Here’s how to design sustainability incentives that address these challenges:
REEXAMINE THE CONTEXT. Analyze the business case for your initiative. In addition to any direct financial results, will the initiative contribute to intangible, off-balance-sheet assets like brand and reputation enhancement? Will it signal to your workers and investors that you are committed to sustainability? Sustainability incentives are the most powerful when they tap into strategic opportunities that promise a good return.
Many companies’ license to operate depends on operating sustainably no matter the immediate effect on revenues — whether for extractive industries whose methods risk harming the environment or tech companies whose presence contributes to increasing the cost of living in local communities. These kinds of contexts, regardless of strategy, demand that sustainability results figure strongly into companies’ future success.

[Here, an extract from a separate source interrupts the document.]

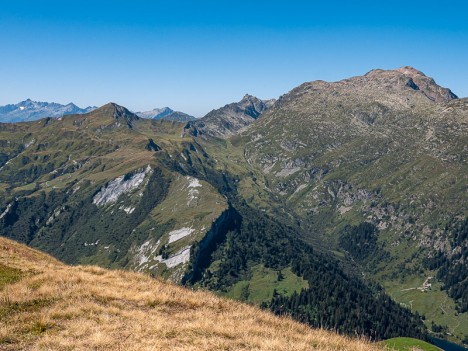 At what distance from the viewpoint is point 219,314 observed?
20.7 meters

CLARIFY THE ORGANIZATIONAL SCOPE. Examine how broadly sustainability incentives should be applied — companywide or by business unit, team or individual. Are you making a major shift toward more responsible products across the entire company — in a total transformation of your business? Or are you merely addressing a niche market by focusing on sustainable sourcing in a single product line? Do you want to refashion incentives for executives in that niche business or for all of your managers?
QUANTIFY THE DURATION. Should the initiative be addressed with annual incentives, long-term incentives (typically a three-year time frame) or very-long-term incentives (perhaps five or seven years)? If benefits will not be realized for even longer periods, consider requiring higher stock-ownership levels with a decade-long holding restriction. Are these changes incremental or transformational?
CONSIDER THE MEANS AND THE ENDS. Is how your company gets to its results as important as achieving those results? If unintended consequences are to be avoided, you may need to link awards to the milestones or behaviors you expect of executives, in addition to the final results.
STRUCTURE THE INCENTIVES. Once you’ve clarified the context, scope, time horizon and means versus ends, you will have isolated the specific sustainability goals that are relevant for your incentive plans. The final task is to determine what your incentives will be, in particular whether you need to move beyond traditional targets and time frames.